PHILADELPHIA (NYTIMES) - The Trump administration has brought a man suspected of belonging to Al-Qaeda to the United States to face trial in federal court, backing off its hard-line position that terrorism suspects should be sent to the naval prison in Guantánamo Bay, Cuba, rather than to civilian courtrooms.
The suspect, Ali Charaf Damache, a dual Algerian and Irish citizen, was transferred from Spain and appeared on Friday (July 21) in federal court in Philadelphia, making him the first foreigner brought to the United States to face terrorism charges under President Donald Trump.
The authorities believe Damache was an Al-Qaeda recruiter. He was charged with helping plot to kill a Swedish cartoonist who depicted the Prophet Muhammad in cartoons.

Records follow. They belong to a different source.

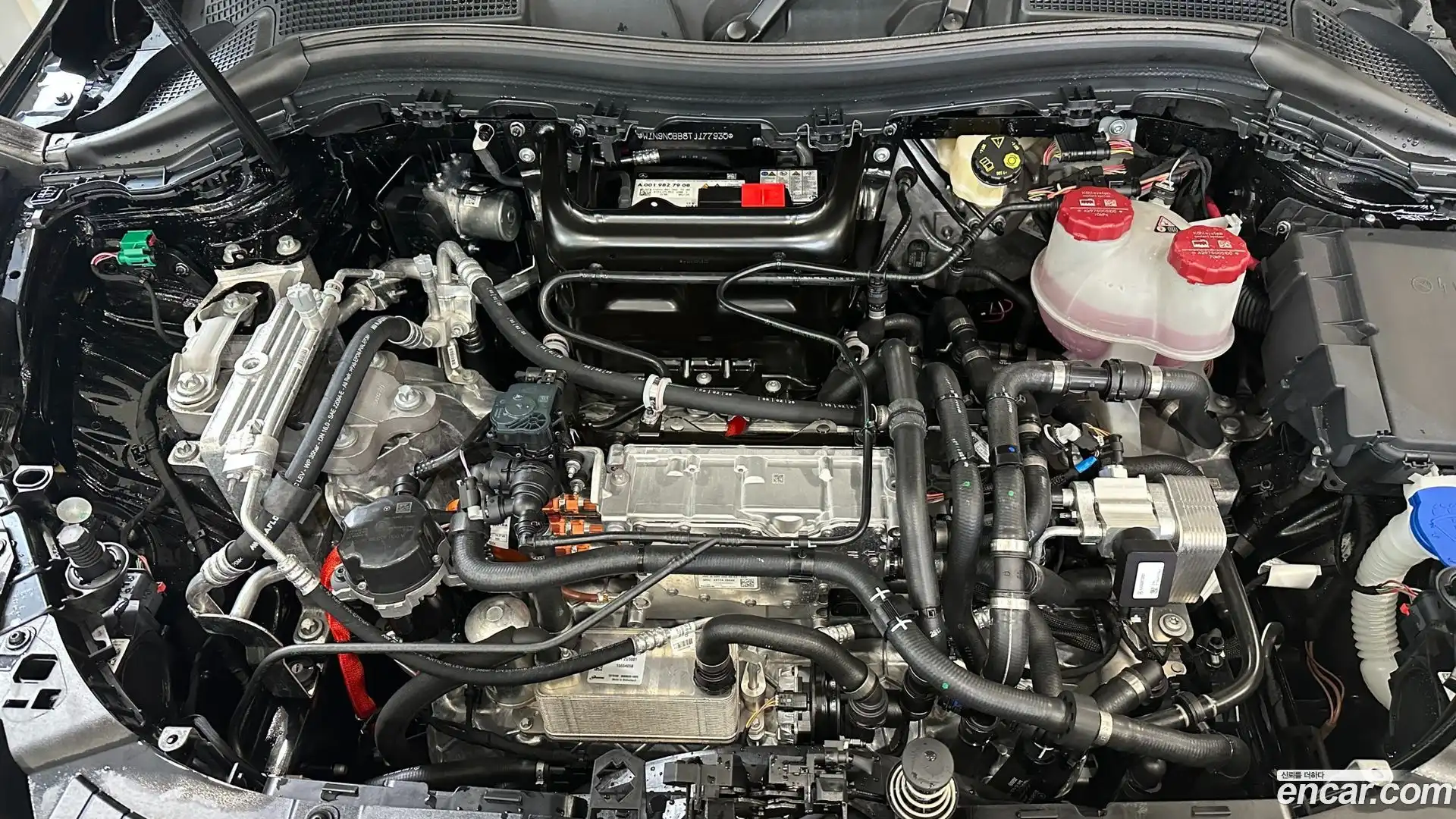 EQA Mercedes-Benz 2025.10-OUTER-006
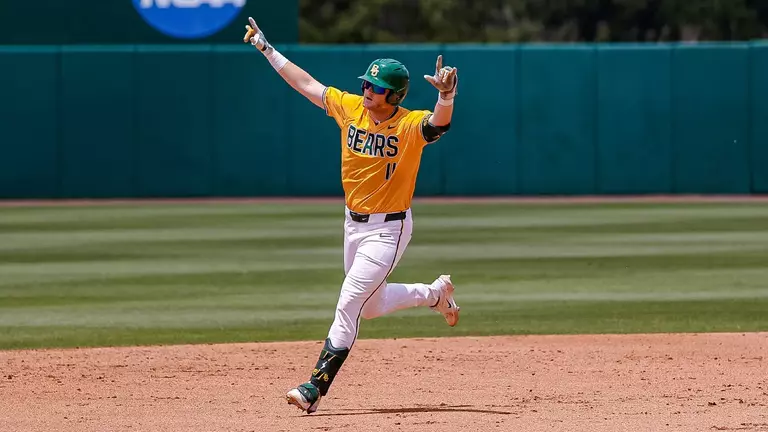 Tyce Armstrong after hitting the record-breaking home run 2026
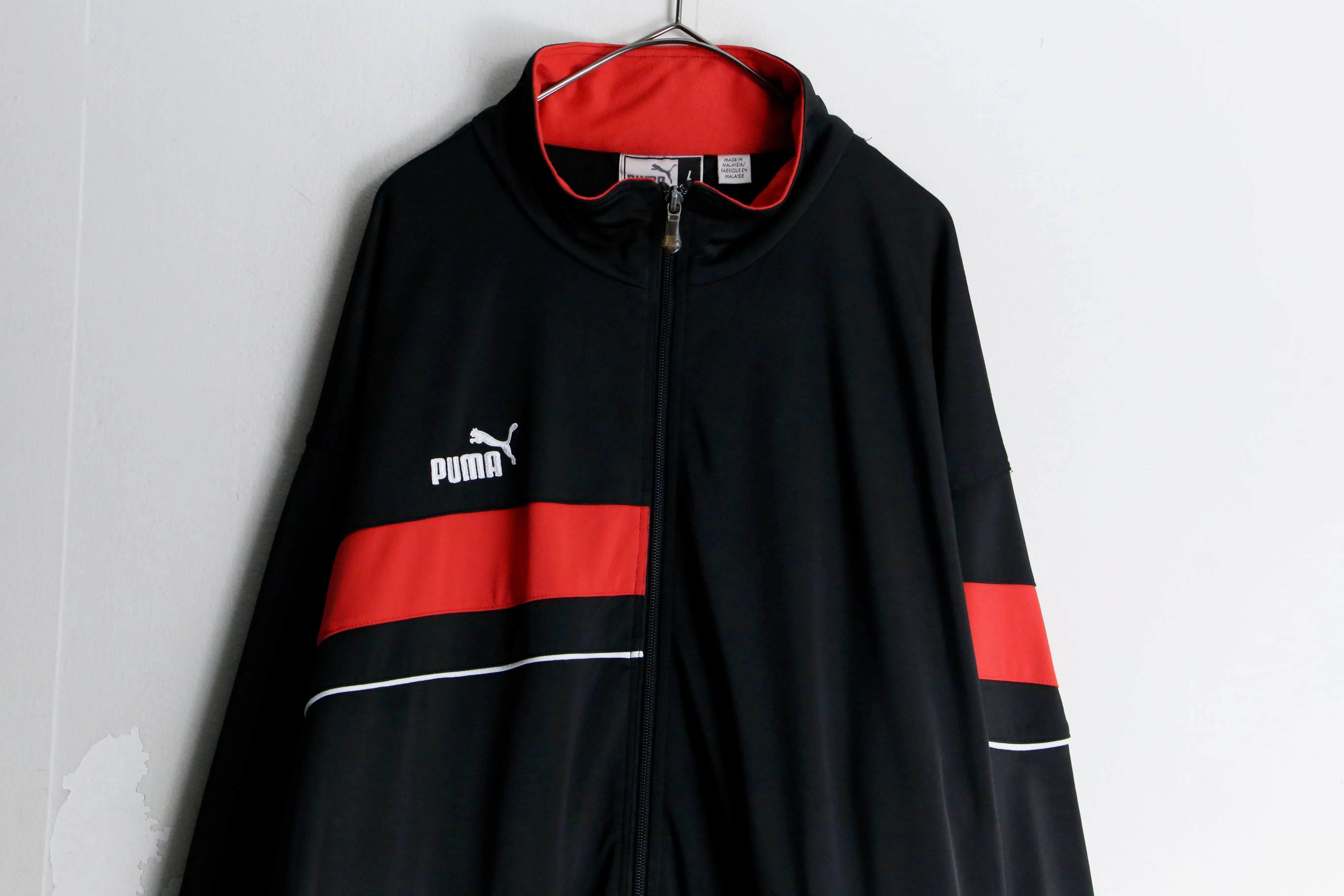 “PUMA” black ×red track jacket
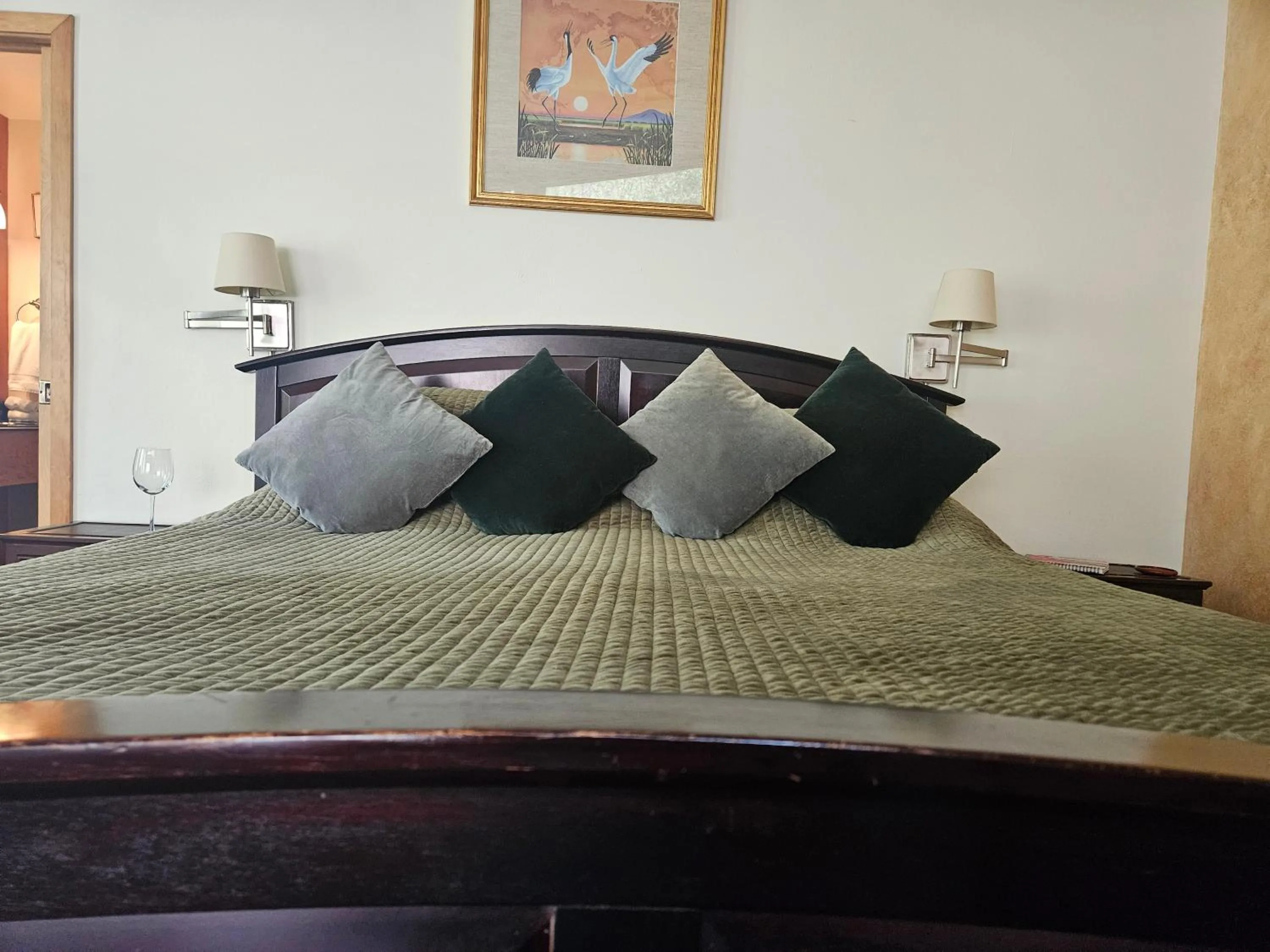 Bed in Blue Mountain Bed and Breakfast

With Damache's transfer, Attorney General Jeff Sessions adopted a strategy that he vehemently opposed when it was carried out under President Barack Obama.
Sessions said for years that terrorism suspects should be held and prosecuted at Guantánamo Bay. He has said that terrorists did not deserve the same legal rights as common criminals and that such trials were too dangerous to hold on US soil.

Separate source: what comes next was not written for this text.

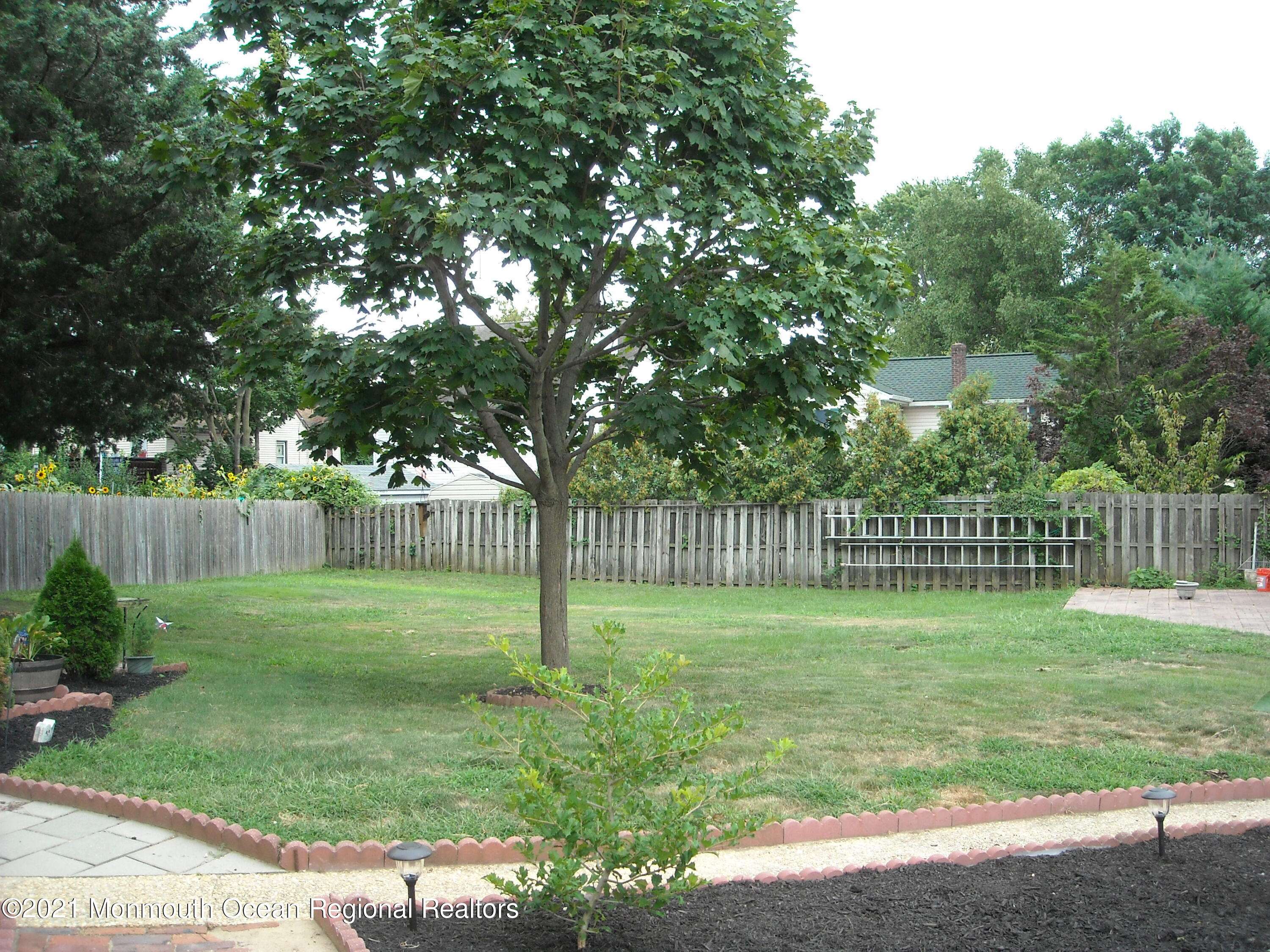 Atlantic Highlands, NJ 07716,89 Center Avenue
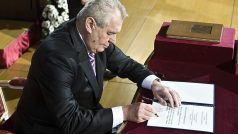 Miloš Zeman při podpisu prezidentského slibu v roce 2013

On Friday, Sessions gave a speech one block away from the Philadelphia courthouse where Damache appeared and did not address the case.

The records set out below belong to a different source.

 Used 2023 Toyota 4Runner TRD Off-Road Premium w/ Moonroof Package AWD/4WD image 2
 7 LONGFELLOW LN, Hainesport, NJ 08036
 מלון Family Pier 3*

The Justice Department issued only a brief news release and a spokesman, Ian Prior, said in a statement that Damache was indicted in 2011 in federal court but did not acknowledge the attorney general's yearslong criticism or answer questions about whether those opinions have changed.
Damache, 52, was arrested in Ireland in 2010, but he was released after an Irish judge rejected a request from the US to extradite him. He was arrested again in 2015 in Spain. Under Obama, the Justice Department began seeking his extradition, and that effort continued under Trump.
Had the Trump administration insisted on bringing Damache to Guantánamo Bay, it would have met strong opposition in Europe. The US' closest allies refuse to participate in any effort to bring new prisoners to Guantánamo. They have come to regard the prison there as a legal morass and a symbol of American abuse and mistreatment.